Often overlooked is the decision every marketer makes about how they will treat the issue of power (asymmetrical or not) in their marketing.

Consider insurance. Companies like Allstate don't market themselves as the dominant force in the relationship. They don't say, "you give us money every month for a very long time, and one day, if we think it's a good idea, we'll give you some money back." Instead, they say, "you're in good hands." Insurance is here to take care of you.

That's pretty different from the power dynamic we see implicit in the marketing of Harley Davidson motorcycles. Buying one makes you James Dean. They give you power over others. Luxury brands promise a similar result in certain social situations.

Horror movies don't promise an equitable experience. You sit there, they scare you.

There's some part of our culture that wants to be told what to do by a powerful autocrat.

Microsoft made a lot of enemies (and friends) when they had monopoly power. The message to users and even to partners was, "We're in charge and you have no choice… here's what's next." A large portion of the market responds well to that message. It takes the pressure off decision making and eases responsibility (it can't be your fault if you had no options). Apple is starting to adopt that power mantra with their approach to upgrades and new models.

The new Microsoft, of course, puts the user's power first. Different strategy for a different audience.

Every brand gets to make this choice, pick one of three:

  • We have the power over you
  • You have the power over your choices and your competitors
  • Our products and services give everyone power

Famous colleges market with straight-up power. We have the power to choose you, to grade you, to give you a magic diploma. And in response, millions of kids send in their applications. In fact, they often avoid the alternative (less famous) schools that instead of power, ask, "how can we help you?"

Many businesses prefer to buy things when they have no choice. They not only respect the power of the big auditing firms or the race to serve a search engine or a social network, they actually seek it out. It focuses the attention of the bureaucracy and offers the promise of rapid forward motion with little responsibility on the part of the client.

A lot of freelancers, on the other hand, have been beaten down so often that they can't imagine projecting power, instead only offering to serve those that do.

Danny Meyer has built a restaurant empire around the idea that customers ought to be powerful. Instead of bullying his patrons, he trains his people to serve.
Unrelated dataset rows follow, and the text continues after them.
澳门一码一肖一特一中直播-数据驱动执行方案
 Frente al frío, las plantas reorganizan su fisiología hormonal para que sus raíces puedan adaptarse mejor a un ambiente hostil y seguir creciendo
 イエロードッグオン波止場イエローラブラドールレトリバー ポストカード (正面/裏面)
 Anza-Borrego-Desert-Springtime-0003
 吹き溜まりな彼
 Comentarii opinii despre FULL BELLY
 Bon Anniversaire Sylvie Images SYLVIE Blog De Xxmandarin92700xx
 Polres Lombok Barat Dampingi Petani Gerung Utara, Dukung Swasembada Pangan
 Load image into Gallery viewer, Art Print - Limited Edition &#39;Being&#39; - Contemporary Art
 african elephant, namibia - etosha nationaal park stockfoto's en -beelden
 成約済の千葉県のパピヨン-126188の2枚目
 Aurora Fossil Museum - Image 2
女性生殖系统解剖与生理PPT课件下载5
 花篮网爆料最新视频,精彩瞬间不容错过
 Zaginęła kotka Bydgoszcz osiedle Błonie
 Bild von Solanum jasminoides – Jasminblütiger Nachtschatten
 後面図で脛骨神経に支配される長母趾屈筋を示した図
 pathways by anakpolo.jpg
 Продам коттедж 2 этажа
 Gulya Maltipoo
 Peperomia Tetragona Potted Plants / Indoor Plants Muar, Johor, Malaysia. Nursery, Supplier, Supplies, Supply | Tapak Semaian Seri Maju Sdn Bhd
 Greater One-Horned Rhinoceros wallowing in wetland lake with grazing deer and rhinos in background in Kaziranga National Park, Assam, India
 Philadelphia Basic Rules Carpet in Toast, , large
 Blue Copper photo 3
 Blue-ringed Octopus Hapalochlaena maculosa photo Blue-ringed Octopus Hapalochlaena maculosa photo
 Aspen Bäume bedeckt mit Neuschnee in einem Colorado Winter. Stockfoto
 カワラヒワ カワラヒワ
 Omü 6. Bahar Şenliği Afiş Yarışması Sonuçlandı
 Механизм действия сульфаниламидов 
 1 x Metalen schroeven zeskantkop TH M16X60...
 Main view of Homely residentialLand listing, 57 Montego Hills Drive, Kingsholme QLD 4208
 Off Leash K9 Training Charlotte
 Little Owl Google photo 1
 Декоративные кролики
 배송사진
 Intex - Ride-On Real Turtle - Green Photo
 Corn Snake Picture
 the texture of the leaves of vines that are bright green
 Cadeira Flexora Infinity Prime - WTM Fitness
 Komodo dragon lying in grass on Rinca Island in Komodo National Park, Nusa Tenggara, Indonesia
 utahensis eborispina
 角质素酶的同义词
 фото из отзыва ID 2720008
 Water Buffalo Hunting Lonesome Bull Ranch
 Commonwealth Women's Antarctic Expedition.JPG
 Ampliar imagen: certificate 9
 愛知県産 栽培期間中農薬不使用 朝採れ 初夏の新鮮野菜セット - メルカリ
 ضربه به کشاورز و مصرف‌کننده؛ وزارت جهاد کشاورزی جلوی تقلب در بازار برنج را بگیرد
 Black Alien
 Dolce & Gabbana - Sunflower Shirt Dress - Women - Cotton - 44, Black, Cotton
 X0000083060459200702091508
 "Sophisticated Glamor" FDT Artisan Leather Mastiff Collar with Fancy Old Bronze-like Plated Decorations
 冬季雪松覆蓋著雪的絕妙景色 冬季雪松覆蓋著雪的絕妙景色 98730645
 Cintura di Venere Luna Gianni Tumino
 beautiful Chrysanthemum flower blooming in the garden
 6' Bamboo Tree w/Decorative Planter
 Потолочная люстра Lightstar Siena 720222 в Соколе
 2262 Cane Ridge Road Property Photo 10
No velvet rope, just a smile.

Each of us gets to choose what sort of marketing we respond to. Those that use bully tactics to gain power over us only get away with it because it works (on some people, some of the time). And often, when power is put into our hands (sometimes known as freedom… the freedom to create, to speak up, to lead, to challenge), we blink and walk away.

Some people persist in thinking that marketing is about ads or low prices. It's not. It's about human nature and promises and who we see when we look in the mirror.

When you see confusion, look for fear, and look for the dynamics of power.